■ **TASK DATA**:

☆ ☆ ☆ ☆ ☆ ☆ ☆

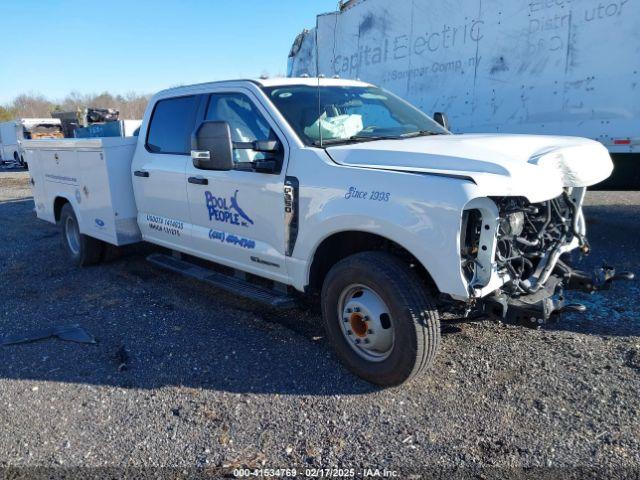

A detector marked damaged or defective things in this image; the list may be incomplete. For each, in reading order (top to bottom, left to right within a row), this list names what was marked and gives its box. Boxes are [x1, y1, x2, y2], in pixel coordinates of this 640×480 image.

damaged front end [460, 188, 636, 326]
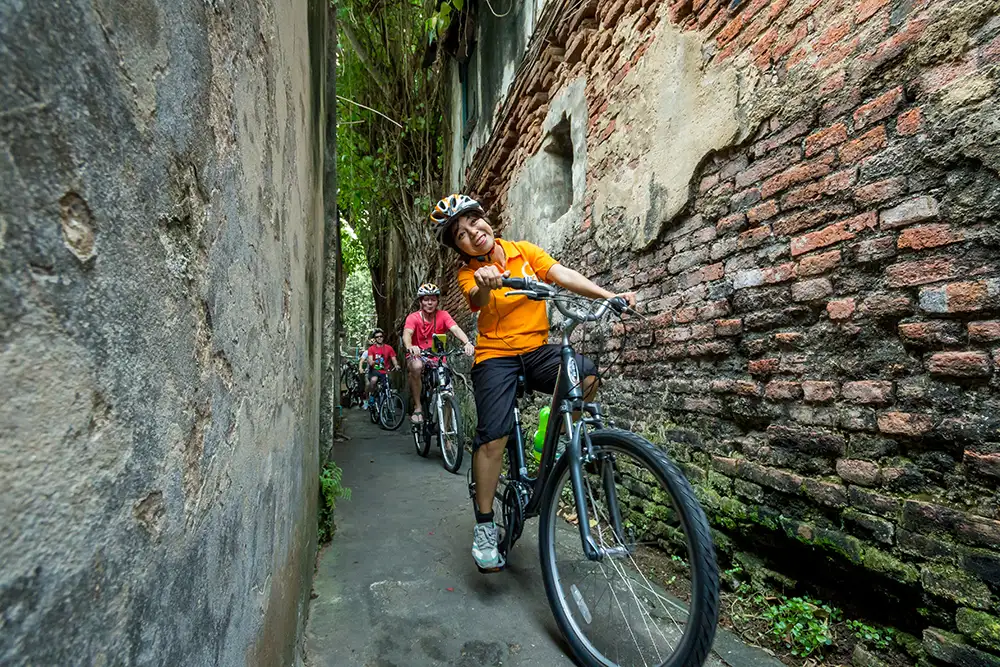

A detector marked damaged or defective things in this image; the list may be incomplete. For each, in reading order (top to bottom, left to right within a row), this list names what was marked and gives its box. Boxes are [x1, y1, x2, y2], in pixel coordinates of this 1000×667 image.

cracked wall surface [0, 0, 326, 664]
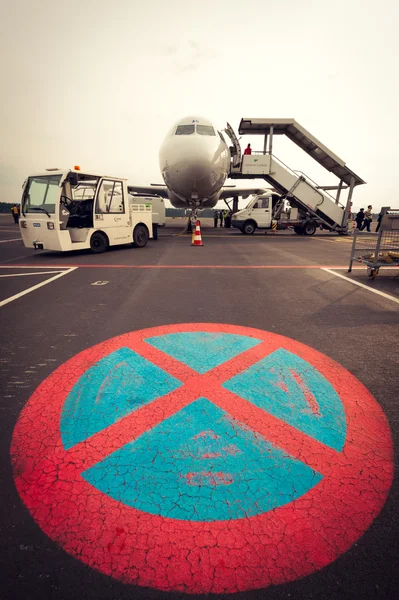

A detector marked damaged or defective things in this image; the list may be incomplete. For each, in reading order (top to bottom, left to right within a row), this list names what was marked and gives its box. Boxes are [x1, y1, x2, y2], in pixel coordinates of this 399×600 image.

cracked asphalt [0, 217, 398, 600]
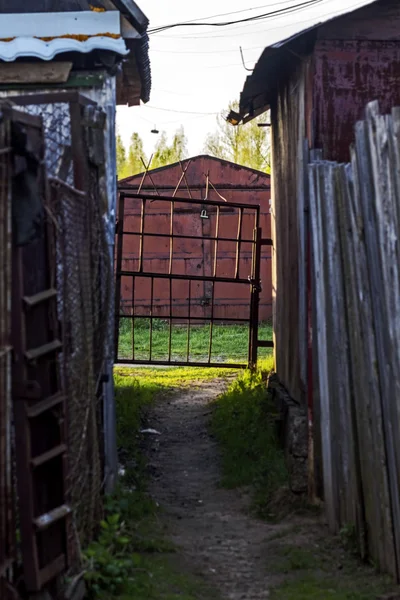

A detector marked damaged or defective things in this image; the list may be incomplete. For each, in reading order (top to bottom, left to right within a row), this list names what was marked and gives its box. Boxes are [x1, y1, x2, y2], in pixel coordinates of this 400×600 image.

rusty metal gate [114, 192, 274, 370]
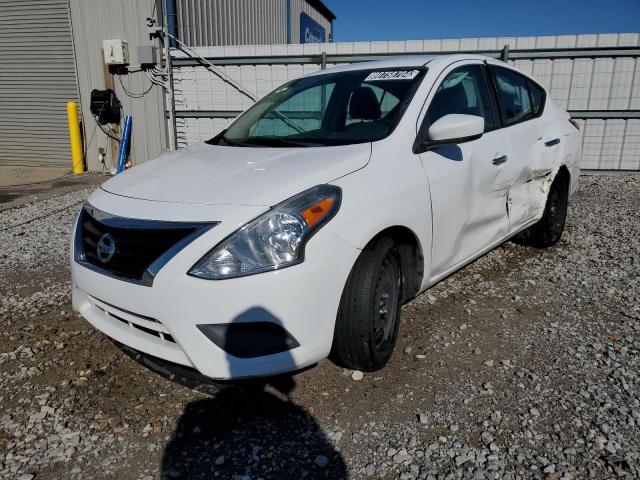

☆ ☆ ☆ ☆ ☆ ☆ ☆

■ **HOW TO COMPLETE THIS TASK**:
A verbatim copy of the data, free of pictures, is the expected answer.

■ **TASK RESULT**:
A detector marked damaged or defective things in this image; the list may be incomplete. For each, in reading order (top to bottom, left to right within a row), this list names what was marked and gives its box. Boxes are [x1, y1, x2, y2], in pixel coordinates of this 640×480 image.

damaged front end [460, 188, 636, 326]

A detector marked damaged or defective things in this image; the list may be incomplete. For each, in reading order (top to bottom, left to right within a row), this list names what was marked and gives its box. Boxes are [x1, y1, x2, y2], in pixel coordinates of this 1000×667 image.

cracked wall surface [0, 0, 326, 664]

A detector marked damaged or defective things in this image; the list may be incomplete. For each, in reading order (top to bottom, left to right within a row), this list names what was marked and gives its box. Boxes are [x1, y1, x2, y2], in pixel coordinates of this 399×600 image.

cracked asphalt [0, 217, 398, 600]

A detector marked damaged or defective things in this image; the list may be incomplete. For each, in reading order (top to bottom, left to right within a row), this list names what was marked and gives its box. Boxes are [x1, y1, x2, y2], in pixel coordinates of this 400×600 image.

rusty metal gate [114, 192, 274, 370]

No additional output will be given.